Data records:
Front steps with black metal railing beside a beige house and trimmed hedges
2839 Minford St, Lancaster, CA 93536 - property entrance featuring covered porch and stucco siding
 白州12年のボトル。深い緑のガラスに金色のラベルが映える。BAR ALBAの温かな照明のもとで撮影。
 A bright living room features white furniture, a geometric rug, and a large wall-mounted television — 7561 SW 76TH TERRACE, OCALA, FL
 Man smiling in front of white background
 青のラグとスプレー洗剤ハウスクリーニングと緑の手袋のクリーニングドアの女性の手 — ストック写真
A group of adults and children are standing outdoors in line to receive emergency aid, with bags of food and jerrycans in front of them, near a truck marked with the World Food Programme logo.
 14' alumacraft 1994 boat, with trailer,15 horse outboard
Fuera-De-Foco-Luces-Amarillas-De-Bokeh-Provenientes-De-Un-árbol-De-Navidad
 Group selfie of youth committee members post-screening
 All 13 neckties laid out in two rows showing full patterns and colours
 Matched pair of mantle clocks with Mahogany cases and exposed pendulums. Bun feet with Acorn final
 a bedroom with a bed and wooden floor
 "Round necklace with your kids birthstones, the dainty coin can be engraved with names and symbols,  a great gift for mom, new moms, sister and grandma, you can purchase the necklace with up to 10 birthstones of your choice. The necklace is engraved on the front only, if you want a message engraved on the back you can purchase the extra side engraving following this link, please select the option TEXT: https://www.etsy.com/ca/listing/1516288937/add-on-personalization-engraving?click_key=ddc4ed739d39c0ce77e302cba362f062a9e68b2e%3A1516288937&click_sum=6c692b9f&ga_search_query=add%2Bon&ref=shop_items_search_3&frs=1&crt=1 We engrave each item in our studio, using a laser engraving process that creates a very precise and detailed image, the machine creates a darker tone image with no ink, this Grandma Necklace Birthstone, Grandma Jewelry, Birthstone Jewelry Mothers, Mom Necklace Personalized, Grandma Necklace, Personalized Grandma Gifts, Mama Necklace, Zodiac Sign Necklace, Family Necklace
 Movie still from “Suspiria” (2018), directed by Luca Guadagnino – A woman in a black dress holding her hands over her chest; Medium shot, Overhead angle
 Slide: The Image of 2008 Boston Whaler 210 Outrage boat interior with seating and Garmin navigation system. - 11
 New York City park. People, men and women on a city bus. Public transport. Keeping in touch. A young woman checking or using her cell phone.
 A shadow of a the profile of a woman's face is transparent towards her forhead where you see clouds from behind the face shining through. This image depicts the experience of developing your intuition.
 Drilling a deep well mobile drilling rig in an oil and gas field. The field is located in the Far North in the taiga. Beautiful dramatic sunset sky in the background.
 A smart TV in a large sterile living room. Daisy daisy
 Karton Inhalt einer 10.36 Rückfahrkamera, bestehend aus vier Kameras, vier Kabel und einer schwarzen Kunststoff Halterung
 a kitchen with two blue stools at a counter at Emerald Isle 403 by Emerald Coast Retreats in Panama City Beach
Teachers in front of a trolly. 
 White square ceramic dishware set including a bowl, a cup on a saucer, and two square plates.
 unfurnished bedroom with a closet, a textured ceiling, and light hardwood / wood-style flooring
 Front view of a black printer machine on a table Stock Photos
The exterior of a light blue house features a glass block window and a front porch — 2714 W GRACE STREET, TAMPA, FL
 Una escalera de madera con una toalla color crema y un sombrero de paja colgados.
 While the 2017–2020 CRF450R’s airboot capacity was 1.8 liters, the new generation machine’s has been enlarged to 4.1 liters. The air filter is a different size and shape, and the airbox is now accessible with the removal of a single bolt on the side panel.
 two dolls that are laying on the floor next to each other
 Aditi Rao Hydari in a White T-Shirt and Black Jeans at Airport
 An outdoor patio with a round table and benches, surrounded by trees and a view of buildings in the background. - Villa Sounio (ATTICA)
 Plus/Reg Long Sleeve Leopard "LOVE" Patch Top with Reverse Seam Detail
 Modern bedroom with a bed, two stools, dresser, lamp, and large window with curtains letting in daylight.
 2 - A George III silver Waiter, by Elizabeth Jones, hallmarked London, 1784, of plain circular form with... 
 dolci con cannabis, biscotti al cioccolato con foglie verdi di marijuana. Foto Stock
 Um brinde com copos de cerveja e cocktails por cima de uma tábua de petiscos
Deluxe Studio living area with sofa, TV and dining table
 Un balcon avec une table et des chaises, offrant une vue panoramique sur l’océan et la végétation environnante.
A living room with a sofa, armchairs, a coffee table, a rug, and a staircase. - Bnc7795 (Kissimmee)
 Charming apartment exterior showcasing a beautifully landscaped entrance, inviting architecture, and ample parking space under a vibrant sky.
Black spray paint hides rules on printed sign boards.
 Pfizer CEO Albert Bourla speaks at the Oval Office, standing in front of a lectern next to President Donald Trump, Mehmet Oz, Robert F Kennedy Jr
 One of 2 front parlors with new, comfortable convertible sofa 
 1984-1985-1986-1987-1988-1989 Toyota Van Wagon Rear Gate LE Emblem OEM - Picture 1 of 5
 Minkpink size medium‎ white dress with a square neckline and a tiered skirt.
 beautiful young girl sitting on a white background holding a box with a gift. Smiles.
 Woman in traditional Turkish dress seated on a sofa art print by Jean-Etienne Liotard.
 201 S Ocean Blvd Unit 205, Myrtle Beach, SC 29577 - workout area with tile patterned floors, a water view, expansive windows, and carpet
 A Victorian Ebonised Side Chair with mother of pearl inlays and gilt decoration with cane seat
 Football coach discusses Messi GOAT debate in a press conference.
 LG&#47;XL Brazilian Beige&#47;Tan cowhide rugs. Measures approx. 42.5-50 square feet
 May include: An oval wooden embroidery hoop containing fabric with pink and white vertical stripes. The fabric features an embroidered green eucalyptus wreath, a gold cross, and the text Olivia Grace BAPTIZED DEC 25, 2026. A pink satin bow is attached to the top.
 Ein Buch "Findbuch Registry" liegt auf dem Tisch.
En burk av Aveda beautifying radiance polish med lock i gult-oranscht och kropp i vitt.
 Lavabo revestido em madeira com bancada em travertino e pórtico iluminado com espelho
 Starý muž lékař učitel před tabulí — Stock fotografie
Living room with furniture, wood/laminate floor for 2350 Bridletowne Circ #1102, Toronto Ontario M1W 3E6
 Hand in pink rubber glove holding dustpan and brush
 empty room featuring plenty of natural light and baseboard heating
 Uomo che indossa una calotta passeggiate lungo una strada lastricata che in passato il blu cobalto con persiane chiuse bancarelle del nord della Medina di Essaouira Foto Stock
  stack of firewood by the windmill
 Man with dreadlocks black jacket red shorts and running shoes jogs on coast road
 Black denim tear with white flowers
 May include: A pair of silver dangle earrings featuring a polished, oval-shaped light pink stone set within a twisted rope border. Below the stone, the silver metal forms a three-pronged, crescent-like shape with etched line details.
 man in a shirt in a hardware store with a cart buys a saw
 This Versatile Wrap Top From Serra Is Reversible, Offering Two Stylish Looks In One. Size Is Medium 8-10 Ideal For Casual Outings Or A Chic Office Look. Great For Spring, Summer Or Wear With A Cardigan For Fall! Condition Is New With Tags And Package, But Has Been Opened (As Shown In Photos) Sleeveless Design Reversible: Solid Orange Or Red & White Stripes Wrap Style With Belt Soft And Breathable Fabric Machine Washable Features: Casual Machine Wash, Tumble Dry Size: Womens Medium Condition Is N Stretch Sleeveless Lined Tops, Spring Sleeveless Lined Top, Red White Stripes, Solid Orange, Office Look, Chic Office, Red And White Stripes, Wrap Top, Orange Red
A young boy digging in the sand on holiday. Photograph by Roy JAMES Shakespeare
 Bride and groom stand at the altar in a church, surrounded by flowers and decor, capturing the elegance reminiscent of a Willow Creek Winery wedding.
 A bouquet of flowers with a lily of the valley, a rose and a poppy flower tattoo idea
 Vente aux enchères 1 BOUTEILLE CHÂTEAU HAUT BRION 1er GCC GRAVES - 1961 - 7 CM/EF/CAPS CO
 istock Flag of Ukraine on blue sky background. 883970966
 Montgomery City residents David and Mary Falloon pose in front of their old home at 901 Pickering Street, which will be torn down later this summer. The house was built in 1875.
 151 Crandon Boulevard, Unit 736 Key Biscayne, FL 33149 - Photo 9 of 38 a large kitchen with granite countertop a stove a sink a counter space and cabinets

**Exercise:** Return only the lines of the records in which the string "gift" appears.

**Written solution:**
 "Round necklace with your kids birthstones, the dainty coin can be engraved with names and symbols,  a great gift for mom, new moms, sister and grandma, you can purchase the necklace with up to 10 birthstones of your choice. The necklace is engraved on the front only, if you want a message engraved on the back you can purchase the extra side engraving following this link, please select the option TEXT: https://www.etsy.com/ca/listing/1516288937/add-on-personalization-engraving?click_key=ddc4ed739d39c0ce77e302cba362f062a9e68b2e%3A1516288937&click_sum=6c692b9f&ga_search_query=add%2Bon&ref=shop_items_search_3&frs=1&crt=1 We engrave each item in our studio, using a laser engraving process that creates a very precise and detailed image, the machine creates a darker tone image with no ink, this Grandma Necklace Birthstone, Grandma Jewelry, Birthstone Jewelry Mothers, Mom Necklace Personalized, Grandma Necklace, Personalized Grandma Gifts, Mama Necklace, Zodiac Sign Necklace, Family Necklace
 beautiful young girl sitting on a white background holding a box with a gift. Smiles.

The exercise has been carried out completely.